- **TASK TO CARRY OUT**
Pull every line holding the string "World" from the records below.

<<<<

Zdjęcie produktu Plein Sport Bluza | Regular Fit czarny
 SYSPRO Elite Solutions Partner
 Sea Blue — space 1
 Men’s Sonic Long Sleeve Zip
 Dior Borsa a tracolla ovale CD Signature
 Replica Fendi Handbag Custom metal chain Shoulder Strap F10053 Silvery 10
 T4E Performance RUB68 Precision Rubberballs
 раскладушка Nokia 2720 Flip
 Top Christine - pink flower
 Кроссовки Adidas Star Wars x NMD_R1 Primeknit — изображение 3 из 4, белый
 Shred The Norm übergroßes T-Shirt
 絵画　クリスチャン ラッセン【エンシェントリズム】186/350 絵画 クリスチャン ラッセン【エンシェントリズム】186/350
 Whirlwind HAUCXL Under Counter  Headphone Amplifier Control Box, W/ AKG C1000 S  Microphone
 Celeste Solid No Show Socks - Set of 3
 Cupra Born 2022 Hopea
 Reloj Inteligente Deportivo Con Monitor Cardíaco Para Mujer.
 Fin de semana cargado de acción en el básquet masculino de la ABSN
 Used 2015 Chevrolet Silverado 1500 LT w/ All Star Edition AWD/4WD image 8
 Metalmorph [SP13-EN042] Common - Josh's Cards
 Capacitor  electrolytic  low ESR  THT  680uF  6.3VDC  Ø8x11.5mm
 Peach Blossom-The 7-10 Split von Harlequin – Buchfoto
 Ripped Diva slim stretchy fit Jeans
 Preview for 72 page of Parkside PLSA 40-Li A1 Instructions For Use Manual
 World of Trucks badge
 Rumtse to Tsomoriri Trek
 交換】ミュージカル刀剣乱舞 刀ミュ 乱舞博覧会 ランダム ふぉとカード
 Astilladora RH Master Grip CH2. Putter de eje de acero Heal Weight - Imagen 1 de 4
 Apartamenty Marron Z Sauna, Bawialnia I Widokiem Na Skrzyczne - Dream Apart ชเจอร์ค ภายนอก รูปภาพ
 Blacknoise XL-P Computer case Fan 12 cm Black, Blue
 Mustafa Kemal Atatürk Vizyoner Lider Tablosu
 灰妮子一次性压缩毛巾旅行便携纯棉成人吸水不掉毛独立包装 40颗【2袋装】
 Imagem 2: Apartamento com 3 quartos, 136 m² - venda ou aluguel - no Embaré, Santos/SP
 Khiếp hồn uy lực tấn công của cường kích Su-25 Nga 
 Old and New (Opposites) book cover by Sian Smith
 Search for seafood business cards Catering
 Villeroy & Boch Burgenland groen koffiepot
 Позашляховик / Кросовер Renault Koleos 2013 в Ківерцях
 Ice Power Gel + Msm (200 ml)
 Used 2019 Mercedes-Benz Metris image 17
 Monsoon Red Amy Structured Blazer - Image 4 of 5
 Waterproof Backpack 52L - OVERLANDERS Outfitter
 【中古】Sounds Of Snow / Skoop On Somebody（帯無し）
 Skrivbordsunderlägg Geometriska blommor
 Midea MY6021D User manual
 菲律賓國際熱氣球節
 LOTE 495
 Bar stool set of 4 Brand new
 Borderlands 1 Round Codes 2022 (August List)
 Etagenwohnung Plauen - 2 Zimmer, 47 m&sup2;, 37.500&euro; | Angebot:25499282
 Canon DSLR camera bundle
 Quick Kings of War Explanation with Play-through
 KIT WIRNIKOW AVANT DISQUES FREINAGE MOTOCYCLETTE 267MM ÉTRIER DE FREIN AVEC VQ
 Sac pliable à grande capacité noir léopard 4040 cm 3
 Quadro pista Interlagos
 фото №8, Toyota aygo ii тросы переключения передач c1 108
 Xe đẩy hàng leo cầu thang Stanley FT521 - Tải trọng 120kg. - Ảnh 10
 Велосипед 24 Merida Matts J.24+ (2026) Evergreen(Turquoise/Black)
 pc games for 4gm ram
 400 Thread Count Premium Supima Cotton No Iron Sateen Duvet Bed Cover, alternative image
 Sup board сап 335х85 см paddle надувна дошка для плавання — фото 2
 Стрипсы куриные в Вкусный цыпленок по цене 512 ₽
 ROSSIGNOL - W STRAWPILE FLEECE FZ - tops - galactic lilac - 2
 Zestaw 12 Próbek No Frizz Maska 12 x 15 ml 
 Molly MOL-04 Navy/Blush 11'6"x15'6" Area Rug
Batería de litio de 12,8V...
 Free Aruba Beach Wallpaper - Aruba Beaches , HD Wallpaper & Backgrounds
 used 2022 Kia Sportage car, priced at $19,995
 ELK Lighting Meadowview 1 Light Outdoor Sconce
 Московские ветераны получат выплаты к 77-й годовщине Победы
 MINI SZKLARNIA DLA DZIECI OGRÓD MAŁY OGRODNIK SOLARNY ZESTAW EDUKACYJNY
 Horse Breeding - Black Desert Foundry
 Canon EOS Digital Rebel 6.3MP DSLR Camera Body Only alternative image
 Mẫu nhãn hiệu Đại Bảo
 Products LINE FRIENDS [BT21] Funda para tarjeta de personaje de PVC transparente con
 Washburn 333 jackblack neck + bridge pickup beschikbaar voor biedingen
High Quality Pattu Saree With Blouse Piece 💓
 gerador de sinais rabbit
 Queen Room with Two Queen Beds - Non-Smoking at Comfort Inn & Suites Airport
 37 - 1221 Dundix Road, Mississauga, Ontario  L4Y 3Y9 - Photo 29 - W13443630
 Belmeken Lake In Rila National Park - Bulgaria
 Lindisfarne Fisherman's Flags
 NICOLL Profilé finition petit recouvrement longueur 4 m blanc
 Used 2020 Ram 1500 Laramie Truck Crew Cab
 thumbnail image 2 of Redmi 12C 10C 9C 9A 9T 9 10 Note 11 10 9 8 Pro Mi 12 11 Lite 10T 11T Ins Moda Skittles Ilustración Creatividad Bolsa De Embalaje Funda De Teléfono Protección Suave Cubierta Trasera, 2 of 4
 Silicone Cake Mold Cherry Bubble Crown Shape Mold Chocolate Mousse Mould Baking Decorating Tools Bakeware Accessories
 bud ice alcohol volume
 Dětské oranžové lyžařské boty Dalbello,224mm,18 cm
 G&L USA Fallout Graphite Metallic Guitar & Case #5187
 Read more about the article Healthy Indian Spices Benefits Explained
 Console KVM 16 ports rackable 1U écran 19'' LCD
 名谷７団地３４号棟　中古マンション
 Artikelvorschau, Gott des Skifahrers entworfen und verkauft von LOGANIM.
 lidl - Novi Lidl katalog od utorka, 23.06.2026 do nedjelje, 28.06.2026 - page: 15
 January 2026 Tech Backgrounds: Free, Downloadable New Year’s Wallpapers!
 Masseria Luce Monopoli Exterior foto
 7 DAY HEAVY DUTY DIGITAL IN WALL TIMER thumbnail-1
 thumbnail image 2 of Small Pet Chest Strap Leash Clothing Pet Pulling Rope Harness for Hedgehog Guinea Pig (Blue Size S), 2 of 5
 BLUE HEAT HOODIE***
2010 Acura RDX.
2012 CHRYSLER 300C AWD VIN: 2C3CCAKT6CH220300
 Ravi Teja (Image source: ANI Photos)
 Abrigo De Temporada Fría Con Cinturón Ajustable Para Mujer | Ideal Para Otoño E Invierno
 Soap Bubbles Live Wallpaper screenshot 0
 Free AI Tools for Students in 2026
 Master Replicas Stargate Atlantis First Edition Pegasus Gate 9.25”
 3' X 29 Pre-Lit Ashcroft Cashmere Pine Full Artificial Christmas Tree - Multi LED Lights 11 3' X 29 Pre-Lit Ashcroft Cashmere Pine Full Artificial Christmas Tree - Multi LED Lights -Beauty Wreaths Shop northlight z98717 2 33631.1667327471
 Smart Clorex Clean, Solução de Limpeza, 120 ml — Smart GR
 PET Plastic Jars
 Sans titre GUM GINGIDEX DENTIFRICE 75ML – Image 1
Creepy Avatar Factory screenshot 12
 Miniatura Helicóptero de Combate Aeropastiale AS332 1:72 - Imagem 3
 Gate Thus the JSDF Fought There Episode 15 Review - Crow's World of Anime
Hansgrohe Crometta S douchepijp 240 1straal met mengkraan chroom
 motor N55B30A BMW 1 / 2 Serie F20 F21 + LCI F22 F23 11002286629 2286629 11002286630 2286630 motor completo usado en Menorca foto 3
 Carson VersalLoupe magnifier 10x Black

>>>>

- **WRITTEN REPLY**
 World of Trucks badge
 Gate Thus the JSDF Fought There Episode 15 Review - Crow's World of Anime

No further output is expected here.